__TASK STATEMENT__:
Return every line below in which "Half" appears.

+ + + + +

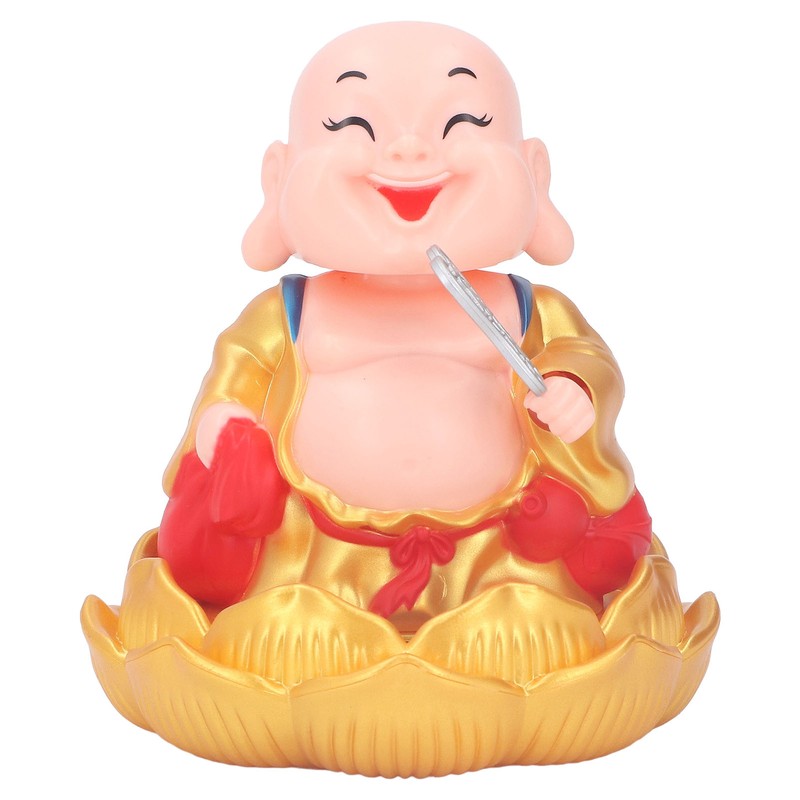 Nodding Smiling Buddha Maitreya Automatic Laughing Car Dashboard Solar Buddha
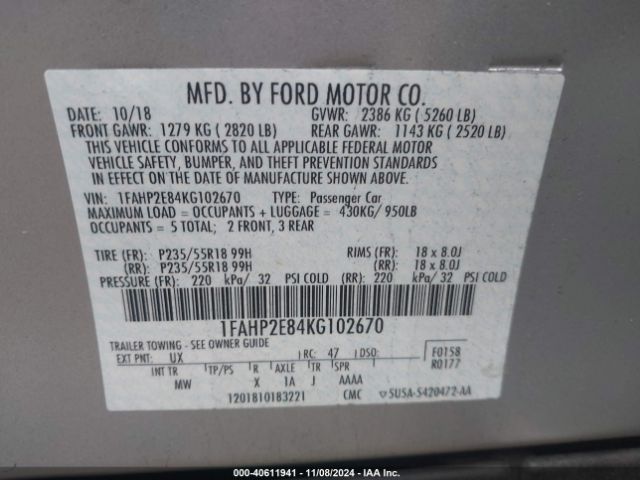 1FAHP2E84KG102670 Ford TAURUS SEL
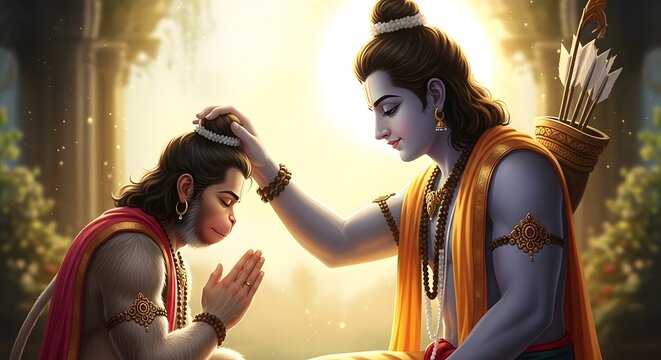 Lord Rama blessing Hanuman during a divine meeting in traditional art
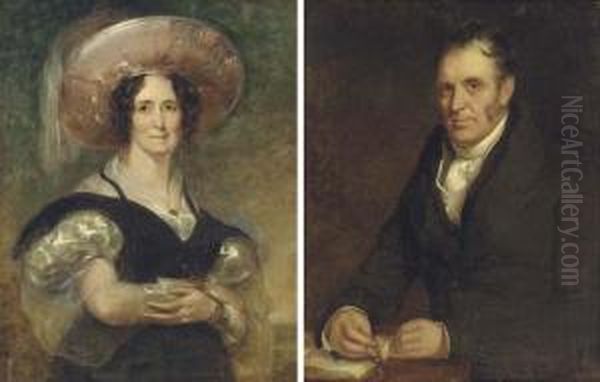 Portrait Of A Gentleman, 
Half-length, In A Black Coat, Holding His Spectacles And A Book; And 
Portrait Of A Lady, Half-length, In A Black And White Dress And 
Feathered Hat, In A Landscape - view 1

+ + + + +

__SOLVED EXERCISE__:
Half-length, In A Black Coat, Holding His Spectacles And A Book; And 
Portrait Of A Lady, Half-length, In A Black And White Dress And 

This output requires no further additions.